New figures from the US Department of Housing and Urban Development reveal that sales of new single-family houses in January rose 15.6 percent above the December 2012 rate, and 28.9 percent from the same time last year.
Over 437,000 single family homes were purchased in January, exceeding the forecast of 381,000. Sales have been boosted by low mortgage interest rates, an improving job market and the stabilisation of home prices.
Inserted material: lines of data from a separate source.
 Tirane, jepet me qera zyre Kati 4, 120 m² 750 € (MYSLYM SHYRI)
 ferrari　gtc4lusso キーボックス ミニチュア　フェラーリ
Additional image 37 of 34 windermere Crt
The Conference Board’s consumer sentiment index also skyrocketed to 69.6, in the same month cementing a strong start of year with positive recovery signs for the US economy.
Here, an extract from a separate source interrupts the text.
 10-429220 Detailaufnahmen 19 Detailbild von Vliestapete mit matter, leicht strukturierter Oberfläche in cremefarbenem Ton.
In a separate report Standard & Poor’s home price index, which monitors fluctuations in the value of residential property in 20 cities in the US, recorded a 0.9 percent rise in prices from December 2012. It is the 11th consecutive monthly increase. “Home prices ended 2012 with solid gains,” said David Blitzer, chairman of the index committee. “Housing and residential construction led the economy in the fourth quarter.”
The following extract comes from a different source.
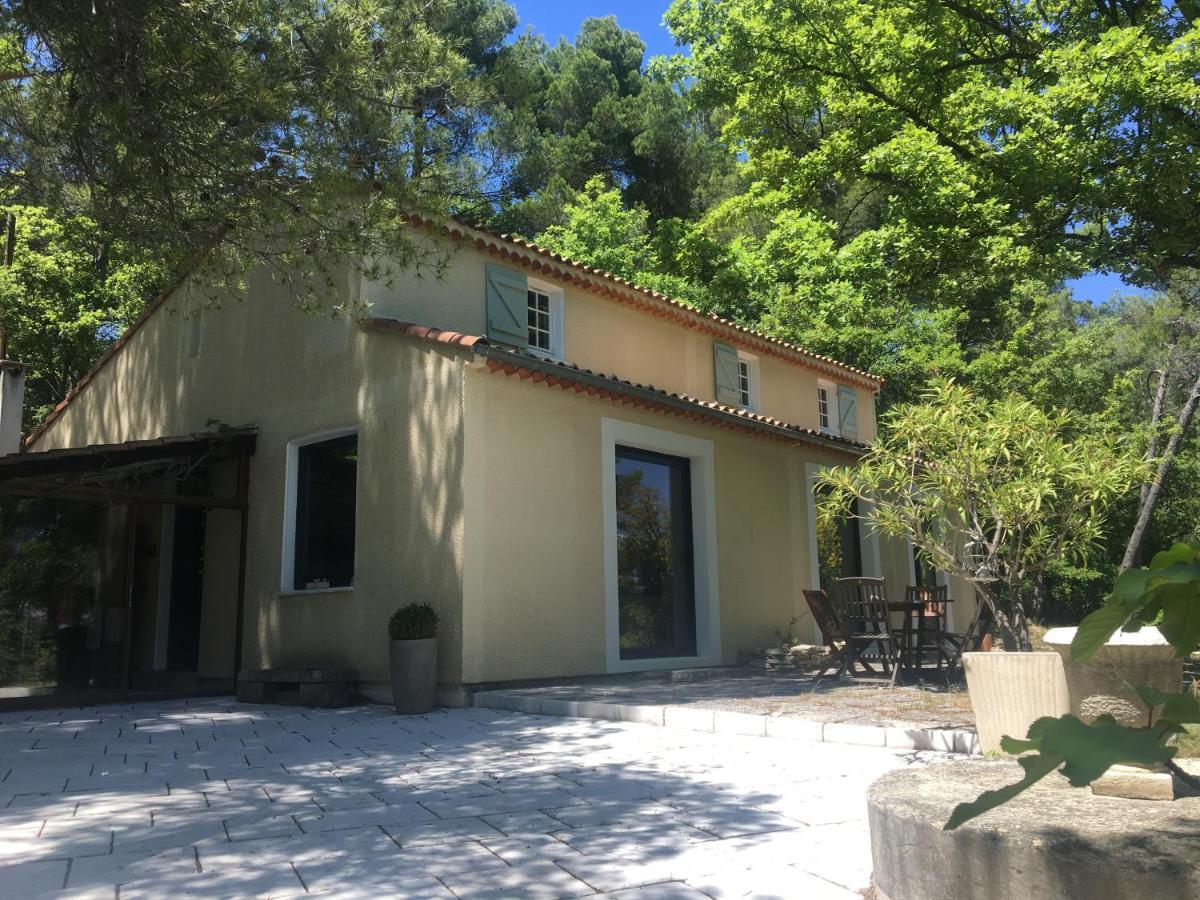 Villa De Carbonelle Pierrevert Экстерьер фото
The index also indicated that property across the country ended 2012 with strong gains of on average 7.3 percent. All urban centres covered by the report had positive year-on0-year growth, apart from New York, which lost 0.5 percent. “Atlanta and Detroit posted their biggest year-over-year increases of 9.9 percent and 13.6 percent since the start of their indices in January 1991,” explained Blitzer. “Dallas, Denver, and Minneapolis recorded their largest annual increases since 2001. Phoenix continued its climb, posting an impressive year-over-year return of 23 percent; it posted eight consecutive months of double-digit annual growth.”
Despite encouraging figures across the board, house prices remain 29 percent lower than what they were at their peak in 2006. Additional figures collated by RealtyTrac, an American housing data provider, also suggest that up to 26 percent of all homes with outstanding mortgages owe at least a quarter more on their home than what it is worth and are seriously underwater.